§ Extracted entries:
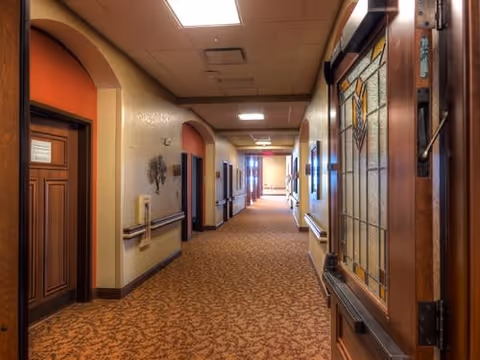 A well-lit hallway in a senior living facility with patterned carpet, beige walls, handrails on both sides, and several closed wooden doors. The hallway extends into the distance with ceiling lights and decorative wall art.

...

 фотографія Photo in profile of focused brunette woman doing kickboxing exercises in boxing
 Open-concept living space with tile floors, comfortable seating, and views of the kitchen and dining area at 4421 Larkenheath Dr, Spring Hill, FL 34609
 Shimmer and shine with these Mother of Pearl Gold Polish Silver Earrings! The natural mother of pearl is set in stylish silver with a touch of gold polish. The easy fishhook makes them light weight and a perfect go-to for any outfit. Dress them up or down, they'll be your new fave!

§ What to work on:
Could you transcribe the entries above word for word, from the line with "Open-concept living space" down to the line with "Shimmer and shine", keeping both?

§ Exercise answer:
 Open-concept living space with tile floors, comfortable seating, and views of the kitchen and dining area at 4421 Larkenheath Dr, Spring Hill, FL 34609
 Shimmer and shine with these Mother of Pearl Gold Polish Silver Earrings! The natural mother of pearl is set in stylish silver with a touch of gold polish. The easy fishhook makes them light weight and a perfect go-to for any outfit. Dress them up or down, they'll be your new fave!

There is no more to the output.